TRENTON – Senate Judiciary Chairman Nicholas Scutari today announced that he will hold a hearing of the committee next week on the issue of legalizing marijuana in New Jersey. The committee will hear from invited guests, including health professionals, law enforcement, clergy, civil rights organizations and policy experts.

“There is no question that we need to update our archaic drug laws in this country and the majority of people support regulating, taxing and legalizing marijuana,” said Senator Scutari. “This is a fact-finding hearing that we hope will help to continue to inform the committee and the Legislature as we take up this very important issue. This is a first step in the process of finally reversing our punitive marijuana laws that have caused harm to our residents and our communities.”

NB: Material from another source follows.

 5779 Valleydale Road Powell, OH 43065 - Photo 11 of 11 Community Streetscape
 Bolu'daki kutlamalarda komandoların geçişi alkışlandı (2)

Approximately 750,000 people were arrested for marijuana law violations in 2012, according to FBI statistics cited by Drug Policy Alliance, comprising about half of all drug arrests in the United States – and equaling one every 42 seconds. In 2010, New Jersey spent $127.3 million on enforcement, according to a report by the American Civil Liberties Union. The report also found African-Americans are 2.8 times more likely in New Jersey to be arrested for marijuana possession than a Caucasian person, even though the rate of marijuana use is similar.

“The drug laws in this country prohibiting the use and possession of marijuana have failed,” said Senator Scutari. “We have to take a more reasonable approach to the regulation of marijuana. Legalizing, taxing and regulating marijuana will bring it out of the underground market, making the product and our communities safer. It will allow law enforcement to re-dedicate their resources to where they are most needed. In addition, it will create revenue for the state to help fund critical programs and services for our residents. This is an opportunity to hear from stakeholders and the public about the best way to do that.”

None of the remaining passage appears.